Efficient Tensor Kernel methods for sparse regression
This work addresses scalability issues in tensor kernel methods for sparse regression, offering incremental improvements to enhance applicability.
The paper tackles the high memory and computational costs of tensor kernel methods for sparse regression by introducing a more efficient data storage layout and a Nyström-type subsampling approach, demonstrating effectiveness on synthetic and real datasets.

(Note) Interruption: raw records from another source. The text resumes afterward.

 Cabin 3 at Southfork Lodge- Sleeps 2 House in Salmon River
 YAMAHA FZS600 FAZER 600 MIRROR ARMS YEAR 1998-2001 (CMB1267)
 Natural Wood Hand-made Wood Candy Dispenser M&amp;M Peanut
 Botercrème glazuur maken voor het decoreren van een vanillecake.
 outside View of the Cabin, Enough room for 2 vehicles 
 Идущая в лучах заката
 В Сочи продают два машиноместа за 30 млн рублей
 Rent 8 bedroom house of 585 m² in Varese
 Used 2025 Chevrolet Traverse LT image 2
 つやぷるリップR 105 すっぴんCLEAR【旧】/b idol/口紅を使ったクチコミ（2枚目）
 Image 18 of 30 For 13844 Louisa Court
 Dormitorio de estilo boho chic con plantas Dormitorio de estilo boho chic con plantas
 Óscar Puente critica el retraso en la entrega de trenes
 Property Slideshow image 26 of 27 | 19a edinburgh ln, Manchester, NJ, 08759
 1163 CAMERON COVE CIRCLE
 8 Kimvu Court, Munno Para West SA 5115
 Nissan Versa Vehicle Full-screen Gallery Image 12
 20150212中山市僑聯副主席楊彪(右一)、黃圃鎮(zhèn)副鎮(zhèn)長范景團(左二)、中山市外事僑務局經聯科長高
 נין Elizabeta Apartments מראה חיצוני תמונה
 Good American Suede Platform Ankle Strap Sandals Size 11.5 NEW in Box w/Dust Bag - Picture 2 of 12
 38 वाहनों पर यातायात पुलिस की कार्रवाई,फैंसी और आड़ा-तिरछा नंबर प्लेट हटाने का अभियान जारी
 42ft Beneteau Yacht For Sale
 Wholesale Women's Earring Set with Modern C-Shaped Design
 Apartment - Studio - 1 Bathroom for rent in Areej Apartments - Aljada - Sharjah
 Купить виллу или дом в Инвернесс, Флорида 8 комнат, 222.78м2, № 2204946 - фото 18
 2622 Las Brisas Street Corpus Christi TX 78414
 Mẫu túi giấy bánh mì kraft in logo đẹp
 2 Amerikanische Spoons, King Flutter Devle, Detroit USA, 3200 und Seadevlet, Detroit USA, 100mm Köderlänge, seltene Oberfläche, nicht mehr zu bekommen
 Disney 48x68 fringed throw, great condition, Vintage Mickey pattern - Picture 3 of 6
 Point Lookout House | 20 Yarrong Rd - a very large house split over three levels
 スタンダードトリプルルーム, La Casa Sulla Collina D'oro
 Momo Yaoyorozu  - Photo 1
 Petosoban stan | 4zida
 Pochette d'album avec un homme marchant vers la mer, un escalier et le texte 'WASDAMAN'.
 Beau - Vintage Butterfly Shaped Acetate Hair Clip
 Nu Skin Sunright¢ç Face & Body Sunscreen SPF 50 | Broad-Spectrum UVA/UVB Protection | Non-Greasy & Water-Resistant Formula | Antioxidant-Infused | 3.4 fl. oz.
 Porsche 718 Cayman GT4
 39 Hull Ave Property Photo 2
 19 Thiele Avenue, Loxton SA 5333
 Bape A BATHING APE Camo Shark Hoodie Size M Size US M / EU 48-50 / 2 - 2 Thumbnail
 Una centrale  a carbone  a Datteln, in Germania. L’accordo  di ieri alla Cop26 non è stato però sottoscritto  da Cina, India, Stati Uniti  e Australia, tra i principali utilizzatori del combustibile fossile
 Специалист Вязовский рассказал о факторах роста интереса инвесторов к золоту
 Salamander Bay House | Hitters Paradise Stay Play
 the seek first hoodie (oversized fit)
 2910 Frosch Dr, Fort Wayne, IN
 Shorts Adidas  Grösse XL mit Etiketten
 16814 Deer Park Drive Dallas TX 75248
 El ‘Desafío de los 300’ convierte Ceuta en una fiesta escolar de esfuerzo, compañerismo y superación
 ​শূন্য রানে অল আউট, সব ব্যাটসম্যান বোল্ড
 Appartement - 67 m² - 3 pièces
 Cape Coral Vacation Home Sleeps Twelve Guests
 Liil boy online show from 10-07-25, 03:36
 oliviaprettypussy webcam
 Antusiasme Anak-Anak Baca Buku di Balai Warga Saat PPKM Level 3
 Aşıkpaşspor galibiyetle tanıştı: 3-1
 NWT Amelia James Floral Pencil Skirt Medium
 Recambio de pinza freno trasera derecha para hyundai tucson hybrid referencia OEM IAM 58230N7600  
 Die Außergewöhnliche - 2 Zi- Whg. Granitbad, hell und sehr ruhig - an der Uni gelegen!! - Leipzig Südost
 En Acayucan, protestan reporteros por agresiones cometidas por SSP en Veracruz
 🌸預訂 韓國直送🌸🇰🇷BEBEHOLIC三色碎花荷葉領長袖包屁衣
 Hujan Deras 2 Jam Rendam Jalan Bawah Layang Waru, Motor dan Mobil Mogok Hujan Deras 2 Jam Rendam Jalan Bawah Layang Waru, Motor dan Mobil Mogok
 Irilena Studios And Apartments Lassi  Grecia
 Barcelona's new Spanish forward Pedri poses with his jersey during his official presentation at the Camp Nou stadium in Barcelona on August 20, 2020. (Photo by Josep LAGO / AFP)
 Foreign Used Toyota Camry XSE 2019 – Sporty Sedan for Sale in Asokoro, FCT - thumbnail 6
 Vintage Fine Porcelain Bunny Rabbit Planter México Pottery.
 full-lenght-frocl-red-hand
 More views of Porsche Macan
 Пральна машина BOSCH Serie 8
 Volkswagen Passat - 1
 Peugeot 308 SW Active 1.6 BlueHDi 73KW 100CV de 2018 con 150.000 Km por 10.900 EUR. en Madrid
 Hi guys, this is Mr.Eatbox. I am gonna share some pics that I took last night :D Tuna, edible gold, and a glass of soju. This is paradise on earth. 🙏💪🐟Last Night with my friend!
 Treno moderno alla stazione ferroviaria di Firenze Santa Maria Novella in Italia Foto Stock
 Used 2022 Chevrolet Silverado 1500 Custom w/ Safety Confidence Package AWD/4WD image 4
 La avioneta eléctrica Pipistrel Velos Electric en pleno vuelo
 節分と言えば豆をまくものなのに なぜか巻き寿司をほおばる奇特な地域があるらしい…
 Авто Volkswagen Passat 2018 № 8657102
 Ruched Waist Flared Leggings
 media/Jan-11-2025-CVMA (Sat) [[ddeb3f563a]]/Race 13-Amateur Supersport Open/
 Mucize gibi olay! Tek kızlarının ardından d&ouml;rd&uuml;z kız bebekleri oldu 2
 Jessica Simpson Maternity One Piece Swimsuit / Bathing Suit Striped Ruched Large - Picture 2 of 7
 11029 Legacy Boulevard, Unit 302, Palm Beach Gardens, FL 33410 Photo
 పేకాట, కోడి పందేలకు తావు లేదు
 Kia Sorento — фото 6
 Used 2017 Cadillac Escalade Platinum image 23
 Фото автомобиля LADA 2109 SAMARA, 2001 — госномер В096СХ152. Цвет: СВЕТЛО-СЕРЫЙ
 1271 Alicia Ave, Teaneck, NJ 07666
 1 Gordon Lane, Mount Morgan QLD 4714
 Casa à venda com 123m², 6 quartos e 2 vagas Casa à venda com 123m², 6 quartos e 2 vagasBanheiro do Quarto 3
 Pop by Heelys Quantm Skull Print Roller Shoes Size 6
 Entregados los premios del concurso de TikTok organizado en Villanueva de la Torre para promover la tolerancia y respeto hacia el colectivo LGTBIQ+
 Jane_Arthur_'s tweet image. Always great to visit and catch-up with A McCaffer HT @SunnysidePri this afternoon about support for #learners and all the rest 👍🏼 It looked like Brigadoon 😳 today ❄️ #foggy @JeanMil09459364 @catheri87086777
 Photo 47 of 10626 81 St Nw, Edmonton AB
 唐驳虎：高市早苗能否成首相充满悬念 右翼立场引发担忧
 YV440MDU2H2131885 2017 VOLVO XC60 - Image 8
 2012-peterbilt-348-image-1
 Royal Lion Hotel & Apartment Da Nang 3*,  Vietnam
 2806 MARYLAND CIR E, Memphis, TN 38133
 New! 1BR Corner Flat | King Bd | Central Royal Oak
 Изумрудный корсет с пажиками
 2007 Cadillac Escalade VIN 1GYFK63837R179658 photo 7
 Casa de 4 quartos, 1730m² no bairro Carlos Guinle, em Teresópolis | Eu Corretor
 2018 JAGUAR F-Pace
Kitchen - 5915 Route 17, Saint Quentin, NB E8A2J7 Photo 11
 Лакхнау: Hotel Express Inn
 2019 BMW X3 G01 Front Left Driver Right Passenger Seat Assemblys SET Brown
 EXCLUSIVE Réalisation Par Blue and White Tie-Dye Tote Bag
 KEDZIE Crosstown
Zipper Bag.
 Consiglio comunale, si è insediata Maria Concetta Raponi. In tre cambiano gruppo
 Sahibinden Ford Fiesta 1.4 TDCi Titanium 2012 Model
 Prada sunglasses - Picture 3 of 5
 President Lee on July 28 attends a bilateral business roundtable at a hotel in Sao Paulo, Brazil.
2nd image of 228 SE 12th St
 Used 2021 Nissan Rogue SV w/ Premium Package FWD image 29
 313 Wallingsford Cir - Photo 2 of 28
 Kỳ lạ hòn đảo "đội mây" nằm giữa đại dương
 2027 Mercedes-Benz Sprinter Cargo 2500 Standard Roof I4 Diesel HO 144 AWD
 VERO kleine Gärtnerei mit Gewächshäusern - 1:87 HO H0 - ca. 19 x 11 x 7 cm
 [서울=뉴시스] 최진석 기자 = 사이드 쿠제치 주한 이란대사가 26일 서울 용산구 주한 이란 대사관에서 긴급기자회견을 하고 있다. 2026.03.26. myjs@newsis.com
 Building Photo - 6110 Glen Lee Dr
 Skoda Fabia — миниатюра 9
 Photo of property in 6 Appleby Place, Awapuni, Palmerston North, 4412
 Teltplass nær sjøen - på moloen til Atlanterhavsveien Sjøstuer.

Recently, classical kernel methods have been extended by the introduction of suitable tensor kernels so to promote sparsity in the solution of the underlying regression problem. Indeed, they solve an lp-norm regularization problem, with p=m/(m-1) and m even integer, which happens to be close to a lasso problem. However, a major drawback of the method is that storing tensors requires a considerable amount of memory, ultimately limiting its applicability. In this work we address this problem by proposing two advances. First, we directly reduce the memory requirement, by intriducing a new and more efficient layout for storing the data. Second, we use a Nystrom-type subsampling approach, which allows for a training phase with a smaller number of data points, so to reduce the computational cost. Experiments, both on synthetic and read datasets, show the effectiveness of the proposed improvements. Finally, we take case of implementing the cose in C++ so to further speed-up the computation.